Following the release of numerous trading updates in the last few weeks, brokers up and down Australia have been revisiting their discounted cash flow models and updating them appropriately.
Unfortunately not all shares have fared so well and some have even found themselves downgraded. Here's why these shares were downgraded to sell ratings recently:
Bellamy's Australia Ltd (ASX: BAL)
According to a research note out of Bell Potter, its analysts have downgraded the infant formula company to a sell rating. Bell Potter appears to believe that Bellamy's shares are changing hands at a sky-high premium considering its full-year outlook. I would have to agree with the broker on this one. Given its many problems, I wouldn't be a buyer of Bellamy's right now.

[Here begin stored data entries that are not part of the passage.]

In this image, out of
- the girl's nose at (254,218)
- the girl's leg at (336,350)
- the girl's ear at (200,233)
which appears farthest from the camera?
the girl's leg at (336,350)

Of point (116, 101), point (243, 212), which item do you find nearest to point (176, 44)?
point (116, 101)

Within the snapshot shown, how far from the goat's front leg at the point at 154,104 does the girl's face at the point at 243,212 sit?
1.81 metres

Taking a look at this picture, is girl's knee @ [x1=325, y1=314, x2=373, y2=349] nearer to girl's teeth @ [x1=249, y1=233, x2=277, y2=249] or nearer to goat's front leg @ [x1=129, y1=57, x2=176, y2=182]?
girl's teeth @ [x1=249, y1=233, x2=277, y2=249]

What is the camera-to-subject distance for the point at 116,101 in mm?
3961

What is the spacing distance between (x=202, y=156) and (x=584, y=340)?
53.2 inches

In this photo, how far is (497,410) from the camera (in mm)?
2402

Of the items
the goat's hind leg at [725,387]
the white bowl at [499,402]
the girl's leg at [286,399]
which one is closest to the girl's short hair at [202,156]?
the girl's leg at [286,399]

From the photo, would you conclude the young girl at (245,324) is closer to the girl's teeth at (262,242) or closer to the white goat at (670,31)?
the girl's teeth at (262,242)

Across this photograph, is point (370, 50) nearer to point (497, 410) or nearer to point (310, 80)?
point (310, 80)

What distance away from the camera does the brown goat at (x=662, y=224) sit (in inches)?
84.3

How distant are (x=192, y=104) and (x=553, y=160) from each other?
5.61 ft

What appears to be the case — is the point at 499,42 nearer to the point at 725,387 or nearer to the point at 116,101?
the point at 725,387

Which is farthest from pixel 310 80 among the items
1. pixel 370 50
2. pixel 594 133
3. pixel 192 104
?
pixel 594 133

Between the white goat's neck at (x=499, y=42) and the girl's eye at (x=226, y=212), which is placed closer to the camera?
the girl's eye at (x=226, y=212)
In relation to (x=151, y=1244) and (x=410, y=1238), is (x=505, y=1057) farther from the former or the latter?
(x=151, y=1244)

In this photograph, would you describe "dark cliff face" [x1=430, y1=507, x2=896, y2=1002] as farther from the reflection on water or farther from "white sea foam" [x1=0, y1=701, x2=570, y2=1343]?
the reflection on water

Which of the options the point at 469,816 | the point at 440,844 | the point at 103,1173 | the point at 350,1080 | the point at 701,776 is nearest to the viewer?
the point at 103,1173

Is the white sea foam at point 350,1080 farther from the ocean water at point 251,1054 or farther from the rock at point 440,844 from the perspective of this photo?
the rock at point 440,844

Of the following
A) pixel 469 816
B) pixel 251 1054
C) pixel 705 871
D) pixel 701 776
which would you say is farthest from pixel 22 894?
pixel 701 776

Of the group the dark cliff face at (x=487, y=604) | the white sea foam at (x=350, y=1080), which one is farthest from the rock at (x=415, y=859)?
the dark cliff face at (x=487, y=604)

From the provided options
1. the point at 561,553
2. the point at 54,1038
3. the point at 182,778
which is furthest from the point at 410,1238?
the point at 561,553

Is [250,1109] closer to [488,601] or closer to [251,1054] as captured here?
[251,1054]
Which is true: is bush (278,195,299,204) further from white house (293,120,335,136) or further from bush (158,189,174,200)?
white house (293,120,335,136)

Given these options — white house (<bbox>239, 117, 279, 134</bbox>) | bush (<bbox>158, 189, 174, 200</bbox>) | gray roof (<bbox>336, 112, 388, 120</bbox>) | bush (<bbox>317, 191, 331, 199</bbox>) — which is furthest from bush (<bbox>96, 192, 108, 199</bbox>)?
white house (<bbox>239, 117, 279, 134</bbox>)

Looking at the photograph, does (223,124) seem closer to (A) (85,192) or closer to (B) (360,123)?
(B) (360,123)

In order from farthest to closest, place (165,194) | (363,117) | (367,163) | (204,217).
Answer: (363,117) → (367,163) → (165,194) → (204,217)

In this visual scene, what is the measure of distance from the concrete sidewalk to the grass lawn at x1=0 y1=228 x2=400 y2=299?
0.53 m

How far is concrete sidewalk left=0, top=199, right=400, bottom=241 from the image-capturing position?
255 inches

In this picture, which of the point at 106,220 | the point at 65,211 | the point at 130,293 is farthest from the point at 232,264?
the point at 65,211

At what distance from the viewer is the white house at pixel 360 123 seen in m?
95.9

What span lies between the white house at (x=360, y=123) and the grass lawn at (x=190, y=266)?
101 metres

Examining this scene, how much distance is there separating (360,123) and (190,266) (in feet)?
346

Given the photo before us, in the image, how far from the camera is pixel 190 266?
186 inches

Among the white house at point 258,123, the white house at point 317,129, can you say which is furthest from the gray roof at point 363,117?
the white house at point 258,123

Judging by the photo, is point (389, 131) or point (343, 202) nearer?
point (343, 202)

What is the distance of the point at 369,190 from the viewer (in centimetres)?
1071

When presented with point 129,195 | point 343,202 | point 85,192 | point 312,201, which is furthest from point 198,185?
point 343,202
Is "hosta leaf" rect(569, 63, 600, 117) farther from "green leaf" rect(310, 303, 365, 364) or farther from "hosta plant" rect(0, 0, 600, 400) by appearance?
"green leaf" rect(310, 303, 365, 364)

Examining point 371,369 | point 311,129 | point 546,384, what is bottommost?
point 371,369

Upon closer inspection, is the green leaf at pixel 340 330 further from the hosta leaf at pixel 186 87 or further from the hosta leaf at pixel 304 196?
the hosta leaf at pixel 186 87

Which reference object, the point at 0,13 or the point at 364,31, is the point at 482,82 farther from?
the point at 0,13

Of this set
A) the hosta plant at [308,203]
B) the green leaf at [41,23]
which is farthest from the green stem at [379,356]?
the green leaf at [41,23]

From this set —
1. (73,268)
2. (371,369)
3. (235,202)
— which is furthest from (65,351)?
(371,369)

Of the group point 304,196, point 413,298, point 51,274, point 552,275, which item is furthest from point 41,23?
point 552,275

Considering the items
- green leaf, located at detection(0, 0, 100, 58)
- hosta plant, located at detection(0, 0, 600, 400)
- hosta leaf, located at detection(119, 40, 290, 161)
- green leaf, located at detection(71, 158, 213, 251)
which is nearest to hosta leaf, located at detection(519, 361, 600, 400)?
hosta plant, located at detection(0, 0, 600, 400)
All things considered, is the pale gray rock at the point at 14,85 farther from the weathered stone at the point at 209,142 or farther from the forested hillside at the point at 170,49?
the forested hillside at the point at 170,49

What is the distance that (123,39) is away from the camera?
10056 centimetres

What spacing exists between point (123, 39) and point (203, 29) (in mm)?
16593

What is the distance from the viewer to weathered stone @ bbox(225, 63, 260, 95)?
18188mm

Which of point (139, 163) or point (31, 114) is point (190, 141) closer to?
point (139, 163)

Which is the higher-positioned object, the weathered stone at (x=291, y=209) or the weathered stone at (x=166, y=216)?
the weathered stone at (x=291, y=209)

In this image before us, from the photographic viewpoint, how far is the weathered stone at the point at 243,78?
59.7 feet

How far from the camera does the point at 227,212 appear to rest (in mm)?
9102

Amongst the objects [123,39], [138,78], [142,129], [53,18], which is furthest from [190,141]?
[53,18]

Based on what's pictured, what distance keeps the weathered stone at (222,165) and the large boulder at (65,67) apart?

JB Hi-Fi Limited (ASX: JBH)
A research note of Citi reveals that its analysts have downgraded the retailer to a sell rating with a $18.50 price target. According to the note Citi has analysed how Amazon and its Amazon Prime service has impacted U.S. and European retailers following its launch. This led to the broker cutting JB Hi-Fi's long-term earnings growth forecast sharply. Considering the weak retail environment and the looming Amazon launch, I wouldn't be in a rush to invest in JB Hi-Fi any time soon.
REA Group Limited (ASX: REA)
Analysts at UBS have downgraded the real estate listings company to a sell rating with a $60.00 price target. According to the note, the broker acknowledges its recent strong quarterly result, but expects increasing costs to weigh on its results moving forward. Furthermore, its analysts have pointed to weaker building approvals in March as a cause for concern. Whilst I do think its shares are a little on the expensive side and increasing costs would be a concern, I wouldn't be in a rush to sell. In my opinion REA Group is a hold at the moment.